ラマダン始まる、路上犯罪に要注意(パキスタン)
ジェトロ・ビジネス短信 / 2024年3月13日 11時25分
パキスタンで3月12日、イスラム教の断食月(ラマダン)が始まった。4月9日まで続く予定(月の見え方により1日程度ずれることがある)。今回の特徴は、景気低迷が続く中で再び高インフレ下のラマダンを迎えたことだ。日系企業が集中する最大商都カラチなどでは、困窮した人々による路上犯罪が増加する恐れがあるので注意が必要だ。

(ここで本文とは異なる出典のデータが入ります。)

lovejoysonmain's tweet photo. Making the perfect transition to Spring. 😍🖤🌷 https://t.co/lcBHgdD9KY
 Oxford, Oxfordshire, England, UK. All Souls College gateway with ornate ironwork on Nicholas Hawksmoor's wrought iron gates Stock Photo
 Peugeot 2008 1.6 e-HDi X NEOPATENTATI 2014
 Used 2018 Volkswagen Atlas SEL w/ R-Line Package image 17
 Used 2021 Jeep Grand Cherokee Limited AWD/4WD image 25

経済危機が続くパキスタンでは、2022/2023年度(2022年7月~2023年6月)の実質GDP成長率が0.3%に落ち込み、景気はいまだに低迷している。外貨不足で輸入が困難な状況が続く中、高インフレが長引いている。前年のラマダン時期に比べて物価高騰は沈静化しつつあるものの、2月の消費者物価指数(CPI)は前年同月比23.1%上昇し、特に食品とガソリンの価格が高止まりして、庶民の生活を圧迫している。政府は低所得者向けの食料配給「ラマダン救済パッケージ」予算を75億パキスタン・ルピー(約37億5,000万円、1パキスタン・ルピー=約0.5円)から125億ルピーに引き上げ、社会的弱者への配慮を強めている。
日本では、ムスリム(イスラム教徒)による日中の断食ばかりが注目されがちだが、ラマダンは商業が1年で最も活発化する時期でもある。人々は日没後、友人や親戚と自宅やレストランで豪勢な食事を楽しんだり、イードアルフィトル(断食明け大祭)に向けて新しい服などの買い物に出掛けたりする。ラマダン期間中の特別メニューを用意するレストランや、期間限定セールを打ち出す店も多い。そのため、通常月よりも出費がかさむ。国外からの郷里送金も増える傾向にあり、2月の送金額は22億5,000万ドルと、前年同期比13%増だった。
ラマダン中は信仰心が高まるといわれ、テロの脅威が高まる傾向がある。特にラマダン最終週は信仰心がより高まるとされ、2022年にはカラチ大学の孔子学院で自爆テロ事件が発生した。在カラチ日本総領事館は3月12日、宗教関連施設や政府・軍・治安当局、中国関連施設などには近づかないよう注意喚起を発出した。